You cannot mature an RA before the age of 55, and when you do, you may withdraw one-third as cash. You must use the balance to buy a pension.
‘ASSURERS SHOULD REMEMBER TCF’
The fact that the Long Term Insurance Act allows life assurance companies to charge “termination fees” if you reduce or stop paying your contributions to a retirement annuity (RA) does not mean they have to impose the fees.
Jonathan Dixon, the deputy executive for insurance at the Financial Services Board, says life companies should keep the principles of Treating Customers Fairly (TCF) in mind when deciding whether it is appropriate to apply penalties.
Dixon says the principles of TCF should apply, in particular, where the contribution changes are influenced by factors beyond the policyholder’s control.
OLD MUTUAL REPLACES PENALTY WITH LOYALTY BONUS
From the end of this year, Old Mutual plans to stop selling recurring-contribution retirement annuities (RAs) where you incur a penalty if you reduce or stop paying your contributions.

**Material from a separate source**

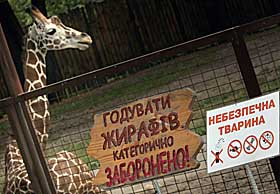 Домівка чи тюрма?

The Max Focussed RA, which uses the old penalty system, will be closed to new business at the end of the year.
Its new-generation Max Investments Optimal RA, Old Mutual will, however, penalise you indirectly by fully or partially withdrawing an “investment booster”, which is added to your savings only if you stay invested in the RA for five years, and for each month after that.
Old Mutual says there is no change in the cost structure of the new product, which was launched at the beginning of this year. You will also be liable for a R300 administration fee if you alter your contribution amount.
Cobus Rothman, an investment actuary at Old Mutual, concedes that the “investment booster” is a loyalty bonus.
National Treasury has proposed that products with loyalty bonuses should not be used as default investment options for retirement funds.
Rothman says the “investment booster”, which aims to encourage customers to keep contributing, was launched before National Treasury published its proposals on default investment options.
“When the final regulations for retirement reform have been finalised, we will ensure that all our products are fully compliant with all applicable regulations,” Rothman says.